Notice of the Final Oral Examination for the Degree of Doctor of Philosophy

Topic

Intelligent Microscopic Models for Traffic Flow Characterization

Department of Electrical and Computer Engineering

Date & location

  • Tuesday, April 22, 2025

  • 11:00 A.M.

  • Virtual Defence

Reviewers

Supervisory Committee

  • Dr. T. Aaron Gulliver, Department of Electrical and Computer Engineering, University of Victoria (Co-Supervisor)

  • Dr. Zawar Khan, Department of Electrical and Computer Engineering, UVic (Co-Supervisor)

  • Dr. Phalguni Mukhopadhyaya, Department of Civil Engineering, UVic (Outside Member) 

External Examiner

  • Dr.

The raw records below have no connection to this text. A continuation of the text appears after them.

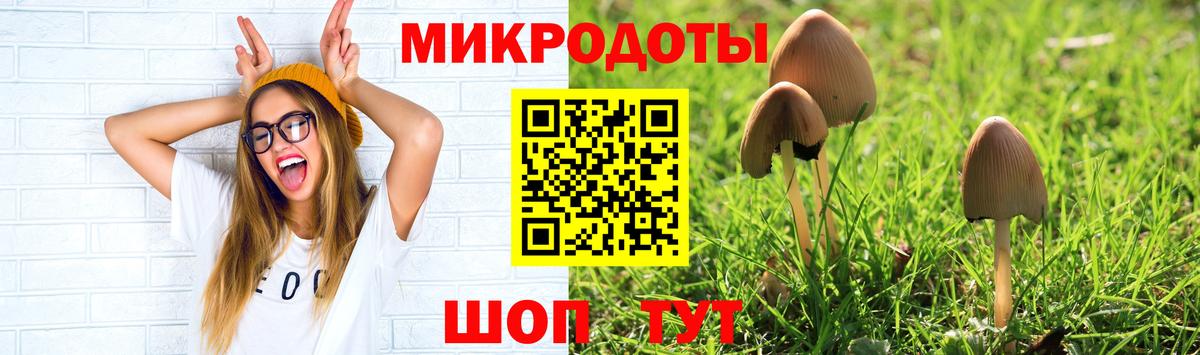 Галлюциногенные грибы Psilocybine cubensis  Вход с VPN  Кувандык 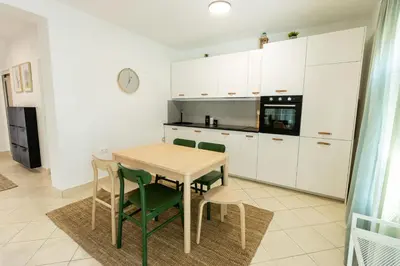 Kuhinja ili čajna kuhinja u objektu LUXURY STYLISH APARTMENT BURE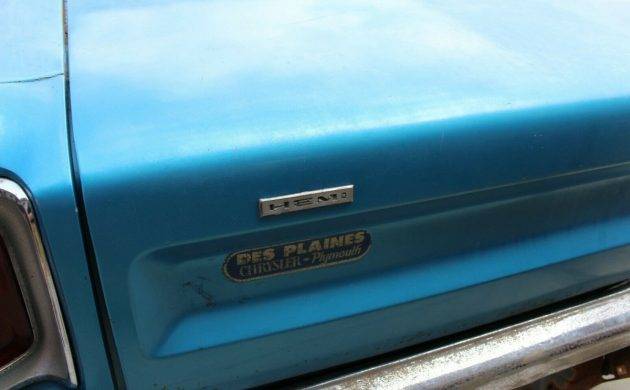 roadrunner3-630x390.jpg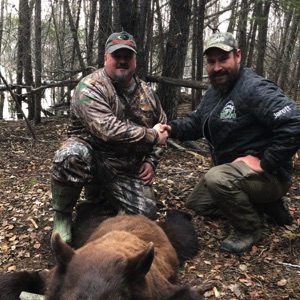 bear30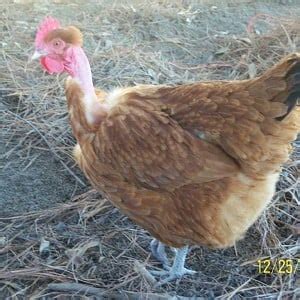 Naked Neck Turken BackYard Chickens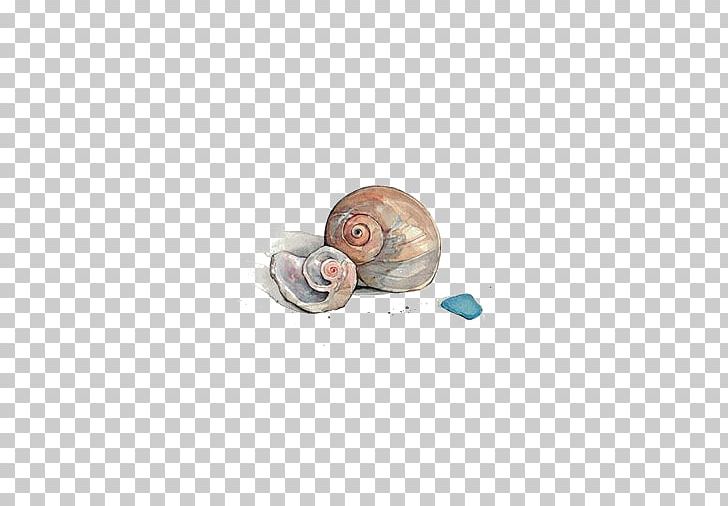Seashell Watercolor Painting Conch PNG, Clipart, Art, Body Jewelry, Coast, Color, Molluscs Free PNG Download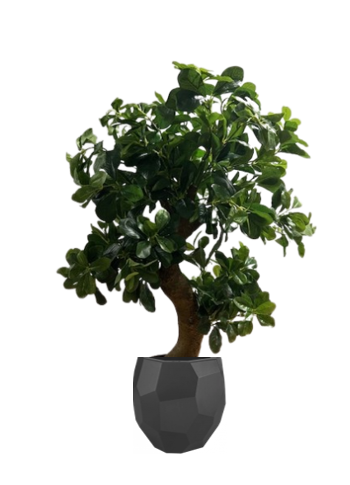Fixtures Artificial Green Polyscias Tree 80cm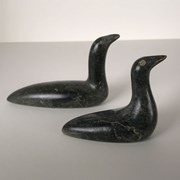 Cover image of Pair of Loons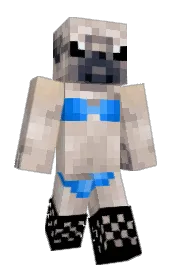 Skin preview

Eric J. Miller, Department of Civil & Mineral Engineering, University of Toronto 

Chair of Oral Examination

  • Dr. Laura Minet, Department of Civil Engineering, UVic

     

Abstract

In this dissertation, microscopic models for traffic flow characterization are studied. Based on the traffic flow evolution characteristics and aiming to characterize the traffic behavior accurately and realistically, this research focuses on developing realistic traffic flow models and enhancing traffic safety, efficiency and pollution control. A traffic model based on driver response is introduced considering both driver reaction and sensitivity. Driver sensitivity includes typical, sluggish, or aggressive drivers. Then the pavement condition is investigated using the pavement condition index (PCI). The impact of fog on visibility is a major factor affecting traffic congestion and safety. Thus, the traffic behavior based on visibility during foggy weather is also investigated. In addition, the recent introduction of connected autonomous vehicles (CAVs) has had a significant impact on road networks. Therefore, a spring-mass based traffic model to evaluate human-driven vehicles (HVs), autonomous vehicles (AVs), and CAVs behavior on a horizontal curve is proposed. Further, the CAVs behavior at bottlenecks considering the cyberattack is investigated. This dissertation also develops an energy consumption model considering driver energy saving awareness. The performance of traffic models is presented and compared with the intelligent driver (ID) model, and traffic stability is analyzed. The results demonstrate the advantages of our approach.